Bose-Einstein condensates made on ISS
Bose-Einstein condensates have been created on the International Space Station for the first time. Physicists made the unusual quantum state of matter in the space station’s Cold Atom Lab, which was installed in 2018.
Massive structures detected deep inside Earth
Researchers studying seismic activity have found evidence of massive structures that exist between the Earth’s core and mantle. The structures are called ultra-low velocity zones and scientists aren’t yet sure what they are made of, but they may hold some answers about the origins of some volcanoes and the lower mantle’s composition.

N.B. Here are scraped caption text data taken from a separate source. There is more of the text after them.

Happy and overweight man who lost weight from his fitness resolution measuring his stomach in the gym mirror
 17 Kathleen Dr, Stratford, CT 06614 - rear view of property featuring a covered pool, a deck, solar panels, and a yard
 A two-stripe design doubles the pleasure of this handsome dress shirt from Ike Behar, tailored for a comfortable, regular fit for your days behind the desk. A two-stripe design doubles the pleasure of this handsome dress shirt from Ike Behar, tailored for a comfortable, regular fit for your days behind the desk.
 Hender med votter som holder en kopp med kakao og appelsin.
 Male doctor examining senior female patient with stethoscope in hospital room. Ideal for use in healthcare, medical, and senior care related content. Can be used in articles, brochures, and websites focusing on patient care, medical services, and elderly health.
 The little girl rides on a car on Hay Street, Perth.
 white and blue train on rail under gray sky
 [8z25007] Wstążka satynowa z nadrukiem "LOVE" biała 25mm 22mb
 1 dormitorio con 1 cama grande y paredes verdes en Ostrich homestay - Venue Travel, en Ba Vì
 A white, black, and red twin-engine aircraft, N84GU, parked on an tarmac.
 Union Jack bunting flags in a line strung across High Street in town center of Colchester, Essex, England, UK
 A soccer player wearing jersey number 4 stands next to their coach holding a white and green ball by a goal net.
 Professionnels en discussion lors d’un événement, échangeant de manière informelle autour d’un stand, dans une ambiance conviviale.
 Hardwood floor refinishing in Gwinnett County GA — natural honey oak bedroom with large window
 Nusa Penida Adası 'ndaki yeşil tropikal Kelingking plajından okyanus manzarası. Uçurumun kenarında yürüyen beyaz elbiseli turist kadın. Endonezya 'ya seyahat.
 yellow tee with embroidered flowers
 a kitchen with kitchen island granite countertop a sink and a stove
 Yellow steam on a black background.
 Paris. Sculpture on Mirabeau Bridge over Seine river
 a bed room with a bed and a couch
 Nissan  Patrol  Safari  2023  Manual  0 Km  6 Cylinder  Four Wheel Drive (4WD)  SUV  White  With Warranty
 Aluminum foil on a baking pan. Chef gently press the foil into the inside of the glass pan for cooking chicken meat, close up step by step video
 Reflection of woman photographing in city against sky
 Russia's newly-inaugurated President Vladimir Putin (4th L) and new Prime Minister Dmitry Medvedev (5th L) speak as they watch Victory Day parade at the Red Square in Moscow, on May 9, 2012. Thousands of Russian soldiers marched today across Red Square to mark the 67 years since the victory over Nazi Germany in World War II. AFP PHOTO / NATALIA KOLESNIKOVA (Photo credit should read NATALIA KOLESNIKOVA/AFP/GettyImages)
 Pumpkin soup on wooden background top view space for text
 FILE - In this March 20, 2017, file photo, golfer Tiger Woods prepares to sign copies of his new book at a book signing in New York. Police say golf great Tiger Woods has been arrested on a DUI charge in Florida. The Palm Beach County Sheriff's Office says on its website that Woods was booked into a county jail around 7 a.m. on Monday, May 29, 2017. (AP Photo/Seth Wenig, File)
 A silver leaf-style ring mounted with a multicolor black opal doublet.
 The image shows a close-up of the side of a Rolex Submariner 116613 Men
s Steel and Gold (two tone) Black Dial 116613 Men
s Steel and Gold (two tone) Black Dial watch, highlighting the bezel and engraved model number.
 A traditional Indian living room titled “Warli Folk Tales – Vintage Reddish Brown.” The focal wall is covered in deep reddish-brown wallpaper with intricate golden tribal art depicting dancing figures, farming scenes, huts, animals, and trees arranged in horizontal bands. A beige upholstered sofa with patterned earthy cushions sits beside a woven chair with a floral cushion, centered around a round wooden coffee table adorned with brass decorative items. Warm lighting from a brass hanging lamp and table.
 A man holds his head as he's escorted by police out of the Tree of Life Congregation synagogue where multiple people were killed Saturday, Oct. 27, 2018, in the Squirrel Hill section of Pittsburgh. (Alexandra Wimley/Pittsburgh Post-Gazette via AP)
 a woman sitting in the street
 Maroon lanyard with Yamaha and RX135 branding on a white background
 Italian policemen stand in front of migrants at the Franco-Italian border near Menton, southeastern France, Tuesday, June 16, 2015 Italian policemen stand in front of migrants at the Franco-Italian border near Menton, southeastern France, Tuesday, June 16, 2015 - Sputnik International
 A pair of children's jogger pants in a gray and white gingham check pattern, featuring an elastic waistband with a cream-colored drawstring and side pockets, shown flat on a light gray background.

Search for plane offers data on ocean-crust formation
Vessels that collected seafloor data in the search for missing Malaysia Airlines Flight 370 in the southern Indian Ocean failed to find the aircraft’s resting place, but the resulting maps offer details about the ocean crust around the Southeast Indian Ridge, scientists say. An analysis of the data shows how the crust grew over hundreds of thousands of years, and may help scientists understand the processes affecting ocean-crust formation.
Strange 157-day FRB cycle
Researchers have detected a fast radio burst cycle that lasts 157 days, which is an unusually long time. The bursts, coming from a dwarf galaxy about 3 billion light-years away, are active for 90 days and quiet for 67 in a pattern that astronomers have tracked for four years.